Driver shortage tops OTA agenda

TORONTO (Nov. 17, 1999) — The immediate need for qualified truck drivers will be the industry’s most pressing concern in the coming year, according to the president of the Ontario Trucking Association.

In an interview with Today’s Trucking editors prior to the association’s annual convention, which begins today, OTA president David Bradley said the lack of qualified drivers is limiting carriers’ ability to take advantage of an economy that is performing beyond expectations.

The industry needs to add at least 50,000 new truck drivers to complement Canada’s existing pool of 225,000 drivers, Bradley said. He added that the OTA plans to convene a task force of industry stakeholders to study the industry’s labor shortage and develop a more aggressive campaign to address it.

Such an effort likely would address how carriers manage driver pay, recruiting programs, and retention. He hoped for a broad-based approach, explaining that the labor issue is too often focused on wages and training standards.

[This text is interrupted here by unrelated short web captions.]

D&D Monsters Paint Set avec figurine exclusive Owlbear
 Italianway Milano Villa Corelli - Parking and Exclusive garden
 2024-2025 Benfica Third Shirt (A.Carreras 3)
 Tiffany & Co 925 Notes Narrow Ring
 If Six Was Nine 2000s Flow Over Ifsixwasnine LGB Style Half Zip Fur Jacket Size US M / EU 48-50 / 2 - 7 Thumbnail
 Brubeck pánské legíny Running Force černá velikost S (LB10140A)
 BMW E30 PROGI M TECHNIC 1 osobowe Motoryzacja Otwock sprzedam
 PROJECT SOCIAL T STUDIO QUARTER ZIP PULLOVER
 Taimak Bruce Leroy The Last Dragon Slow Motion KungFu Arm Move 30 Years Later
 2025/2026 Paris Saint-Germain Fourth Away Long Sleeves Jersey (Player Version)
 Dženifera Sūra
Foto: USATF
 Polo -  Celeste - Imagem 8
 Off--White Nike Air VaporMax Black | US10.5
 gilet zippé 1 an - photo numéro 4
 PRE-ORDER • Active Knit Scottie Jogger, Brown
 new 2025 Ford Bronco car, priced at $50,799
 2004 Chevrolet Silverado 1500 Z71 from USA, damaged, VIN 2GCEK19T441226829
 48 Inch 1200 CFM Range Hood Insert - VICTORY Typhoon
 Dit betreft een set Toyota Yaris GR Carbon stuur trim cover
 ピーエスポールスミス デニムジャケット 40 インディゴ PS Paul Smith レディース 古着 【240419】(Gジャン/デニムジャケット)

“We’re competing with other industries for potential workers,” he said. “We have to do a better job of recognizing what it is those people are looking for in their professional lives. We need to develop a plan that breaks the industry’s reputation as the ‘job of last resort’ among young people entering the workforce. This is what the task force would explore.”

Feel-good public-image campaigns are not enough to raise awareness of the benefits of the profession. “We need to be more active at understanding the problem and then attacking it,” he said.

“At the end of the day, carriers will have to solve the problem,” Bradley said, adding that “the market will decide” whether their efforts are successful or not.